───── DATA EXTRACTS ─────

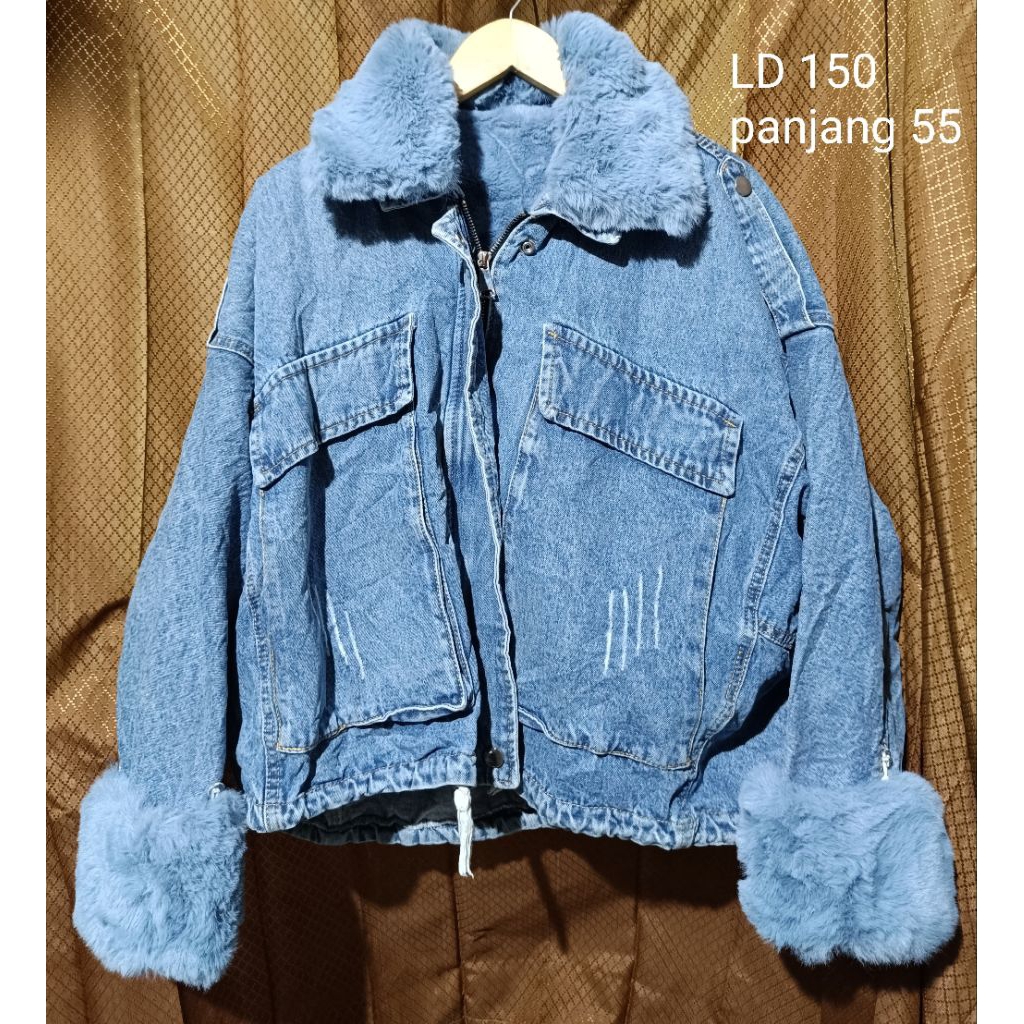 jaket winter denim bulu Sherpa jaket musim dingin bulu Sherpa jaket denim wanita biru jaket denim Sh
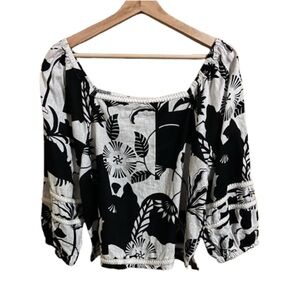 Nicole Miller New York Linen Blouse Casual Lagenlook Breathable Spring Size L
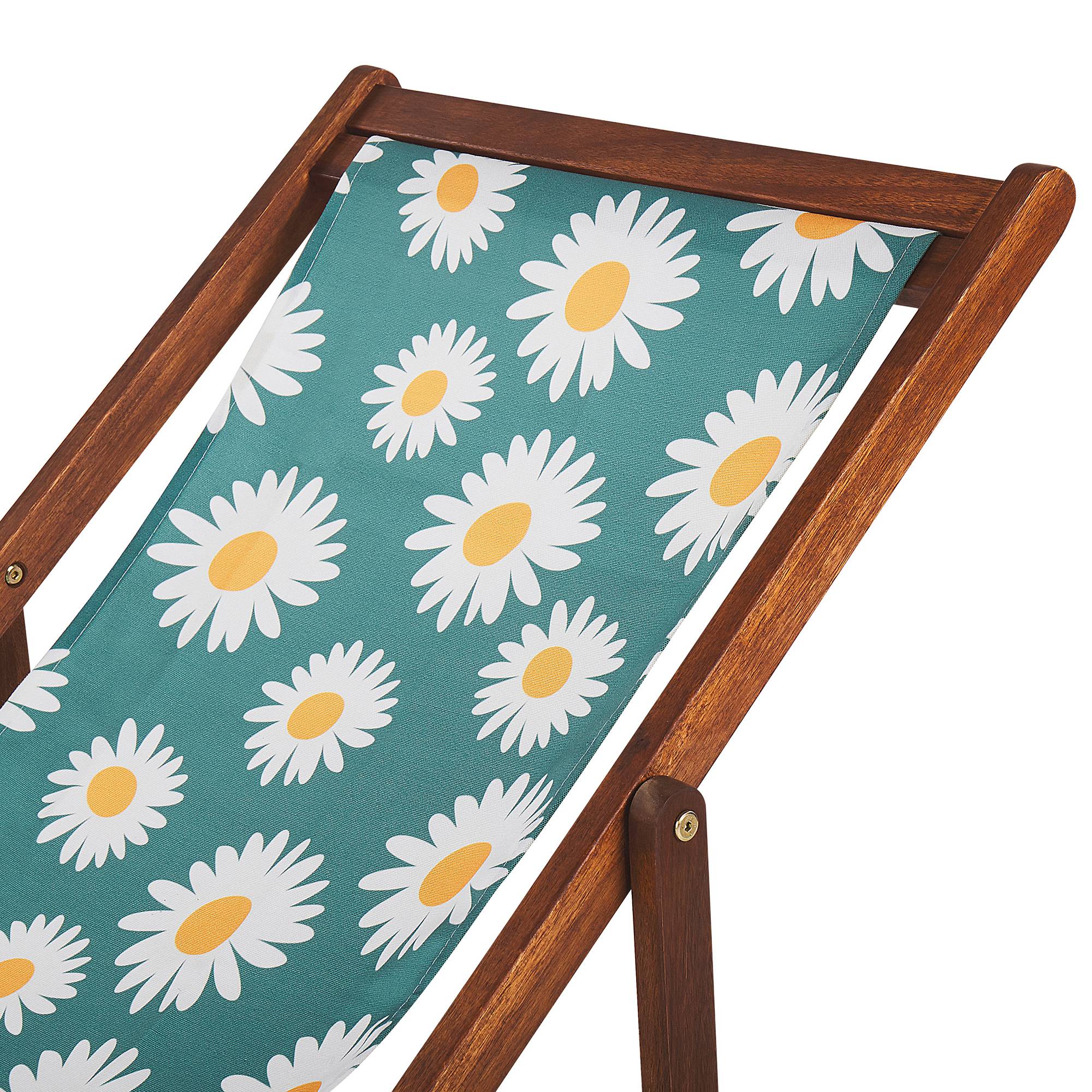 Beliani - 2 Transats Chiliennes Pliantes et Réglables en Bois d'Acacia Foncé et Textile Motif Paquerettes avec Toiles de Remplacement - Image 5
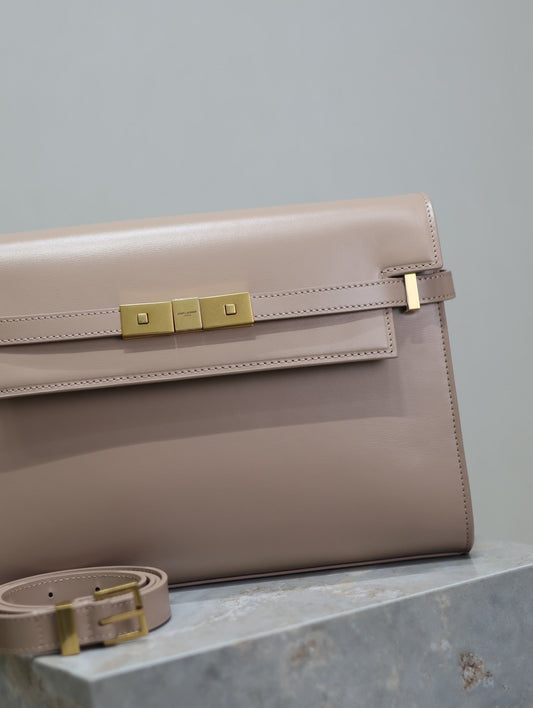Luxury Saint Laurent MANHATTAN MEDIUM 29 IN DARK BEIGE SMOOTH CALFSKIN GOLD BUCKLE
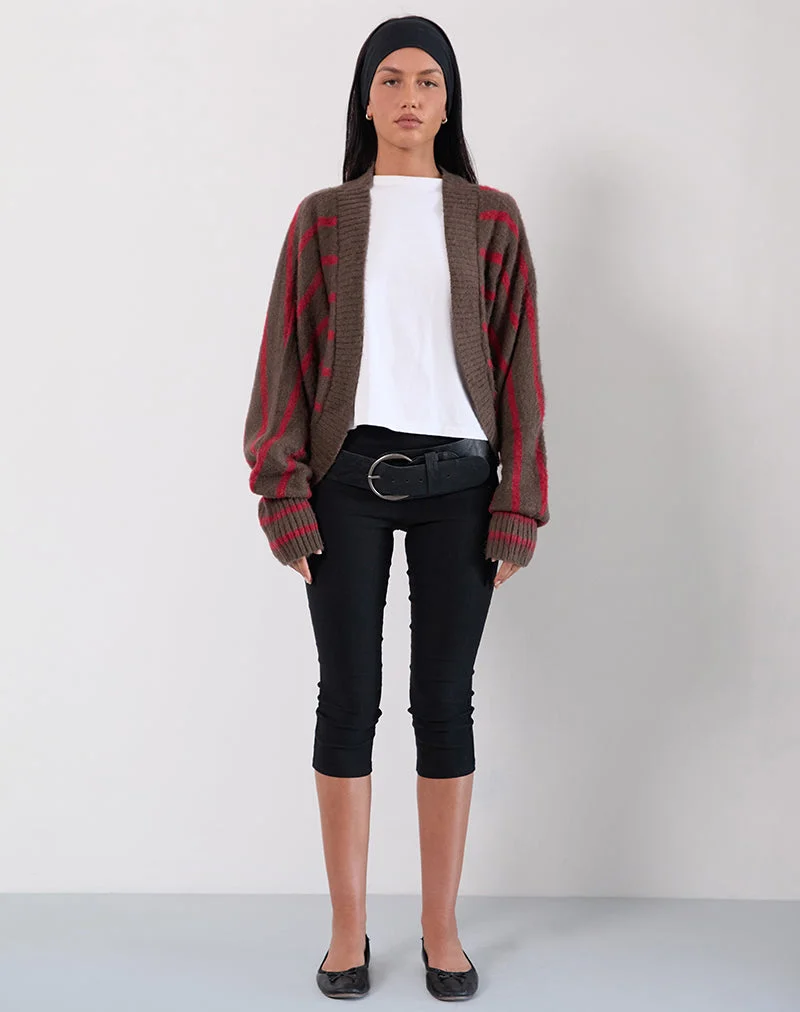 Pasha Shrug Cardigan in Rot und Braun gestreift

─────

(REQUIREMENT): Take the line that contains "Luxury Saint Laurent" and all lines after it to the end of the material above, and copy them verbatim without any images.

(SOLUTION TO THIS EXERCISE):
Luxury Saint Laurent MANHATTAN MEDIUM 29 IN DARK BEIGE SMOOTH CALFSKIN GOLD BUCKLE
 Pasha Shrug Cardigan in Rot und Braun gestreift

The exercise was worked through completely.